Extracted information:
++++++

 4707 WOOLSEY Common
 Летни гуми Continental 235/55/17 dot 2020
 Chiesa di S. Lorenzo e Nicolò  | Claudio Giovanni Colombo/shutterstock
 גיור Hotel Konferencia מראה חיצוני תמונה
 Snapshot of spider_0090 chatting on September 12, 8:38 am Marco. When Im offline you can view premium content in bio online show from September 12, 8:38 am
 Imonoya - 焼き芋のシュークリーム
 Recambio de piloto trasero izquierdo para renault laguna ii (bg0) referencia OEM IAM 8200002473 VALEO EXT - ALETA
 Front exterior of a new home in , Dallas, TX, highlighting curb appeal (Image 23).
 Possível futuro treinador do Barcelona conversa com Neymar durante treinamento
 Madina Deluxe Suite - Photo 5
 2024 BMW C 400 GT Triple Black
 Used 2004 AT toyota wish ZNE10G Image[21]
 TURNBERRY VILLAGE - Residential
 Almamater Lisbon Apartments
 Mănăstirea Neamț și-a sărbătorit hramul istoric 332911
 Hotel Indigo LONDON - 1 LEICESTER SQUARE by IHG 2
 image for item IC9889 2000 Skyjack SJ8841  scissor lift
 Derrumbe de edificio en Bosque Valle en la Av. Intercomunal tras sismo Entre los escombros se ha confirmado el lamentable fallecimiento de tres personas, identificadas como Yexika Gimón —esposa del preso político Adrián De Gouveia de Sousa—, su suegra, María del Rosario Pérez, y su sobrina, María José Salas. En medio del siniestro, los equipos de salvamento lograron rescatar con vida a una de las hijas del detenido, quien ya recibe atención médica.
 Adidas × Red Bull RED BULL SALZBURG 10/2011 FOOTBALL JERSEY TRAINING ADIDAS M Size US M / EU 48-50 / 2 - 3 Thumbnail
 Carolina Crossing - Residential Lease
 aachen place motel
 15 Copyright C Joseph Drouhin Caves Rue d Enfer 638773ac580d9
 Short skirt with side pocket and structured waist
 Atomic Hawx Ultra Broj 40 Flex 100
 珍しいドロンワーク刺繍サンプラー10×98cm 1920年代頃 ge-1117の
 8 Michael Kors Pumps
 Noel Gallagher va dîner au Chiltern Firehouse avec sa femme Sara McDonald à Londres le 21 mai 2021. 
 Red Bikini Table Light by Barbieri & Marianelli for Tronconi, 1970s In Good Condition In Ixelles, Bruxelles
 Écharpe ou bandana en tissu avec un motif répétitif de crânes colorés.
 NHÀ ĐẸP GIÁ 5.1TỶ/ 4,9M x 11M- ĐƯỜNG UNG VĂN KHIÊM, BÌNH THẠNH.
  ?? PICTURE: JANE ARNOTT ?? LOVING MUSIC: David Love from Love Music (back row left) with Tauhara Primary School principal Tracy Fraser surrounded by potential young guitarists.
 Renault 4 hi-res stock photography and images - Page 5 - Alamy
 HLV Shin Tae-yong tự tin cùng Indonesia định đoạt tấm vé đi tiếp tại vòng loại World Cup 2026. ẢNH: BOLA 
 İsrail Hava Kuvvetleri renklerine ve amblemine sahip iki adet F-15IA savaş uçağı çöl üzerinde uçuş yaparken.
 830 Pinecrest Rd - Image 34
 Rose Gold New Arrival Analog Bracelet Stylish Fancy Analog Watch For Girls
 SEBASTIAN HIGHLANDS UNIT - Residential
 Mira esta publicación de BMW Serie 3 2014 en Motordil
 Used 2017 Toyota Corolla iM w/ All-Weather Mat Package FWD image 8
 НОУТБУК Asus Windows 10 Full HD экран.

++++++

What you are asked to do: Repeat exactly the lines of the records from the one containing "Used 2017 Toyota" to the last, and include no line outside that stretch.

Response:
 Used 2017 Toyota Corolla iM w/ All-Weather Mat Package FWD image 8
 НОУТБУК Asus Windows 10 Full HD экран.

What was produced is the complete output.